*THE PROBLEM*
From the listing below, set down exactly the lines between the one holding "Kids Football David" and the one holding "Blue Fleece Queen", inclusive. No other line is wanted.

*SUPPLIED ENTRIES*
*** Begin section ***

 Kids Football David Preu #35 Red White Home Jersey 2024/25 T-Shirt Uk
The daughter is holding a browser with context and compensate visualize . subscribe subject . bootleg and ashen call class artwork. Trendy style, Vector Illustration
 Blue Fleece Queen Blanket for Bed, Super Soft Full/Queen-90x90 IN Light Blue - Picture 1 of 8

*** End section ***
*** Begin section ***

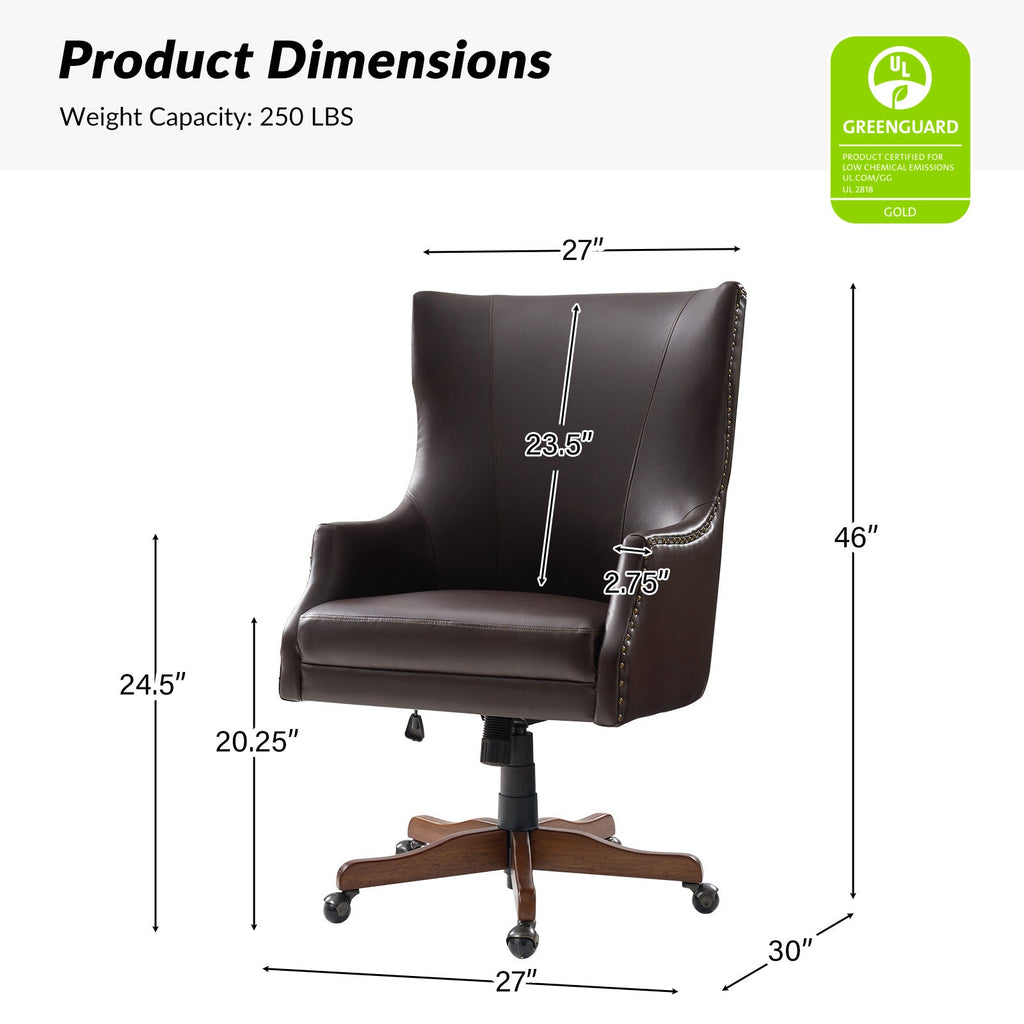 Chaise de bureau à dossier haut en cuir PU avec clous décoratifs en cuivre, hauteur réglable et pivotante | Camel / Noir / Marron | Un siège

*** End section ***

*REPLY*
 Kids Football David Preu #35 Red White Home Jersey 2024/25 T-Shirt Uk
The daughter is holding a browser with context and compensate visualize . subscribe subject . bootleg and ashen call class artwork. Trendy style, Vector Illustration
 Blue Fleece Queen Blanket for Bed, Super Soft Full/Queen-90x90 IN Light Blue - Picture 1 of 8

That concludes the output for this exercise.